Far from the madding crowds of France and Italy, Portugal has a relaxed vibe and friendly people whose historical alliances with England mean English is widely spoken. Beautiful beaches and inland scenery, excellent food and wine combined with history and culture make the country one of Europe's most appealing.

Accessibility has improved thanks to Emirates one-stop flights from Australian cities to the capital, Lisbon.

There are many ways you can enjoy Europe's best-kept secret - guided tours, private tours and packages - but as we experienced recently, self-driving is the way to go. Even with left-hand drive, it's easier than other European countries because the roads are good, and not as busy as Spain or France.

Self-driving has many advantages. Your time is flexible and you can dally longer at places you enjoy. One of the biggest benefits is to plan your own accommodation at super-luxury, yet relatively inexpensive hotels and resorts called Pousadas which are dotted around Portugal.

These restored palaces, castles, monasteries and convents combine history and architecture with modern facilities.

 

The cuisine, a Portuguese drawcard.
The cuisine, a Portuguese drawcard.
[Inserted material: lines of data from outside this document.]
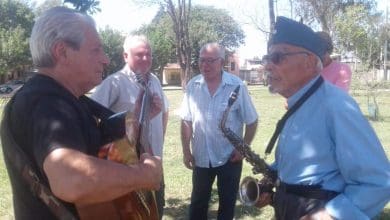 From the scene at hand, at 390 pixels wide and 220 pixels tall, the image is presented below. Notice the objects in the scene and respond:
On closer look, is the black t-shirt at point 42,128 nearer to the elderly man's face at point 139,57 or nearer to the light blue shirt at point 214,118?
the elderly man's face at point 139,57

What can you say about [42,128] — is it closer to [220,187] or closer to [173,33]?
[220,187]

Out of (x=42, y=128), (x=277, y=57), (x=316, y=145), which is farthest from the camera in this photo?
(x=277, y=57)

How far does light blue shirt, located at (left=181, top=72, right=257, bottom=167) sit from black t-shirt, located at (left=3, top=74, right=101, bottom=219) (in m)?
3.04

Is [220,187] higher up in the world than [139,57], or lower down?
lower down

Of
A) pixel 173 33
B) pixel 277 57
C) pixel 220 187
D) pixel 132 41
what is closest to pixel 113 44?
pixel 173 33

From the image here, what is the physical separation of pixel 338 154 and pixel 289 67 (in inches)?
24.8

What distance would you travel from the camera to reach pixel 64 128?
1966 mm

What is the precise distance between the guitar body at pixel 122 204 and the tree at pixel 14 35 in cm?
4490

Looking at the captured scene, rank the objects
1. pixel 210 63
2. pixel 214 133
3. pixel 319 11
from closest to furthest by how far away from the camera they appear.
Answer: pixel 214 133 → pixel 210 63 → pixel 319 11

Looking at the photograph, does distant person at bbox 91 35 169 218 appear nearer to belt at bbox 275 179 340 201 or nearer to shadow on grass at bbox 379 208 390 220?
belt at bbox 275 179 340 201

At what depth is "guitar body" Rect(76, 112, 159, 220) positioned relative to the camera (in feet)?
6.84

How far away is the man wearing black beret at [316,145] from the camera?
8.07 feet

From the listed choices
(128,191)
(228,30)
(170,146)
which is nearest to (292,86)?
(128,191)

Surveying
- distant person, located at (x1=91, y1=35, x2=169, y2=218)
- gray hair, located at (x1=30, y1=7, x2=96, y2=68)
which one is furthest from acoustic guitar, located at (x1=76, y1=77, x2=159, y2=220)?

Contributed

In the central region of Alentejo, we stayed at several Pousadas which also boast some of the region's finest cuisine. Here are a few examples:

* Pousada Mosteiro de Crato... a castle/monastery/palace at different times in its history. Today, it shows what can be done to transform a crumbling ruin into a luxury resort with creative modern architecture and engineering, whilst retaining much of the original exterior including the church tower and ceilings in the cloister. There's a large pool for those hot summer days (sometimes over 40°), a fine restaurant and rooms with every modern convenience.

* Pousada Convento de Vila Vicosa... a restored convent with large guest rooms and bathrooms. The poetic transcriptions around the hotel add a literary flavour, but a more visual experience awaits just next door at the palatial Paco Ducal (Ducal Palace) of the Braganza family who ruled Portugal from 1640 until the proclamation of the Republic in 1910. The palace and museum is a treasure trove of history.
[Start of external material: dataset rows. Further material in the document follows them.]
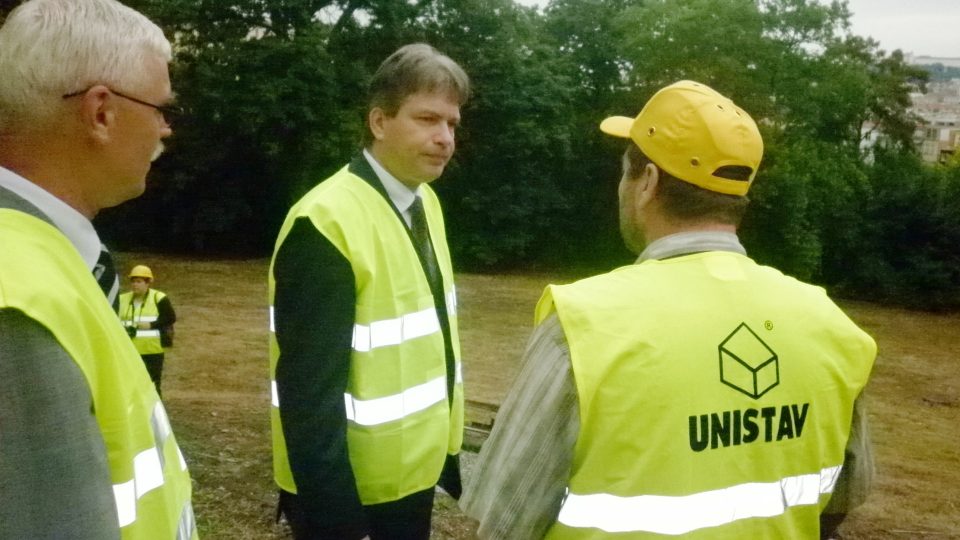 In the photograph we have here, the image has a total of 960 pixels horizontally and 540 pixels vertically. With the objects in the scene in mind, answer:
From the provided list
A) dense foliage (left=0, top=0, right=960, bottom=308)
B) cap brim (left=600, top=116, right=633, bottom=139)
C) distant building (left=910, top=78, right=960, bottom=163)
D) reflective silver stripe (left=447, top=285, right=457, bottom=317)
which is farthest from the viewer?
distant building (left=910, top=78, right=960, bottom=163)

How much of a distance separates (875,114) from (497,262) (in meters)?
25.5

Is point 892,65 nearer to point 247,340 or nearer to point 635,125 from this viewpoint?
point 247,340

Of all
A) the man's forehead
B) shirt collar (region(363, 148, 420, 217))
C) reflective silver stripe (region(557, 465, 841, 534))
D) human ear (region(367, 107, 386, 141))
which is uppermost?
the man's forehead

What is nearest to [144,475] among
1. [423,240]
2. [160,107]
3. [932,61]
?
[160,107]

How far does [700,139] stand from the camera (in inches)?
77.4

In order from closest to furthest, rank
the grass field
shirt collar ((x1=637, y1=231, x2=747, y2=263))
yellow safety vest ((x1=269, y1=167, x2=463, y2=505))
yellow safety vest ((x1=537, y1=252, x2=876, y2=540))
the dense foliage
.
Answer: yellow safety vest ((x1=537, y1=252, x2=876, y2=540)) → shirt collar ((x1=637, y1=231, x2=747, y2=263)) → yellow safety vest ((x1=269, y1=167, x2=463, y2=505)) → the grass field → the dense foliage

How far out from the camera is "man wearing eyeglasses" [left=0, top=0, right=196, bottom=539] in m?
1.17

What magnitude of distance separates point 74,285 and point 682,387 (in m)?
1.14

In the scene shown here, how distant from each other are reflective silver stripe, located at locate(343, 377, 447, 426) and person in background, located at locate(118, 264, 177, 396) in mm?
5554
* Pousada Castelo de Estremoz... a towering castle-like palace overlooking the busy market town of Estremoz. Here, we're lucky to arrive on market day (Saturday) in time to watch the passing parade of farmers, housewives and typical groups of men who gather for their weekly social. Secret men's business, indeed.

* Pousada Castelo de Alcacer... an ancient castle which reigns supremely over the town and river flats where rice is still grown.

Here we spend two nights enjoying the luxury of the hotel as well as the waterfront cafes and bars... and trying another version of Portugal's national dish bacalhau (codfish) which we find irresistible together with the fresh local wines.

In Alentejo, these are just a few of the many delights that await Australians who like to drive, enjoy some history, love their food and wine and, most of all, are not averse to a modicum of affordable luxury.